Anthony Parker

No. 43, 31, 41, 27
- Position: Cornerback

Personal information
- Born: February 11, 1966 (age 60) Sylacauga, Alabama, U.S.
- Listed height: 5 ft 10 in (1.78 m)
- Listed weight: 181 lb (82 kg)

Career information
- High school: McClintock (Tempe, Arizona)
- College: Arizona State
- NFL draft: 1989: undrafted

Career history
- Indianapolis Colts (1989); New York Jets (1990)*; New York/New Jersey Knights (1991); Phoenix Cardinals (1991)*; Kansas City Chiefs (1991); Minnesota Vikings (1992–1994); St.

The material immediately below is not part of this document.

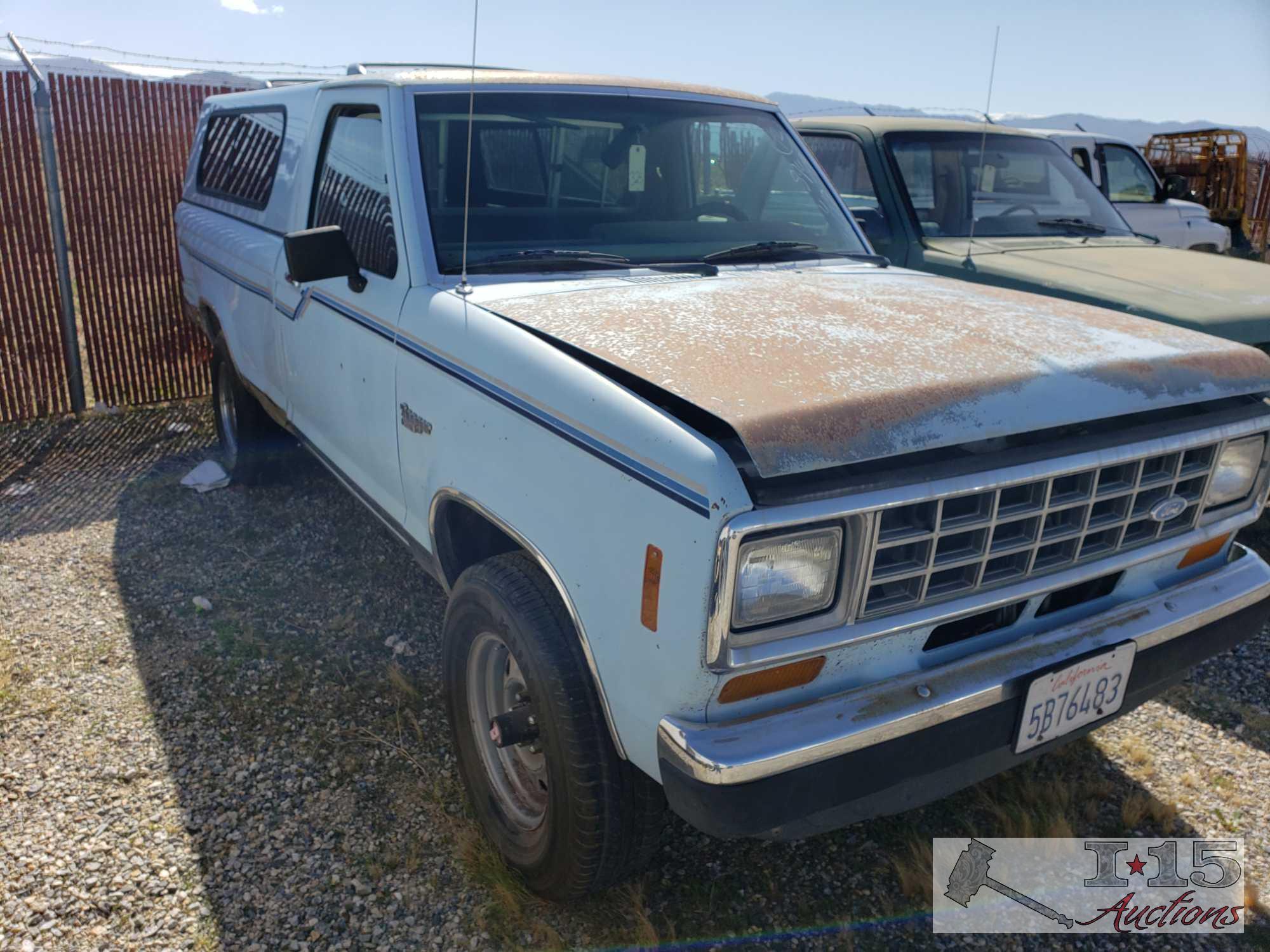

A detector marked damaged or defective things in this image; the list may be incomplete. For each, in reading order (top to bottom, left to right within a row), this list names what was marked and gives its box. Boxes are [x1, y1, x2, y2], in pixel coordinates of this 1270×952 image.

Louis Rams (1995–1996); Tampa Bay Buccaneers (1997–1998);
- * Offseason and/or practice squad member only

Awards and highlights
- Second-team All-Pac-10 (1985);

Career NFL statistics
- Tackles: 363
- Interceptions: 15
- Fumble recoveries: 8
- Stats at Pro Football Reference

= Anthony Parker (defensive back, born 1966) =

American football player (born 1966)

Will Anthony Parker (born February 11, 1966) is an American former professional football player who was a cornerback for nine seasons in the National Football League (NFL), including three seasons with the Minnesota Vikings. He played college football for the Arizona State Sun Devils.

Parker attended McClintock High School in Tempe, Arizona, before attending Arizona State University. His son, Colin, was a redshirt freshman at Arizona State during the 2007 season.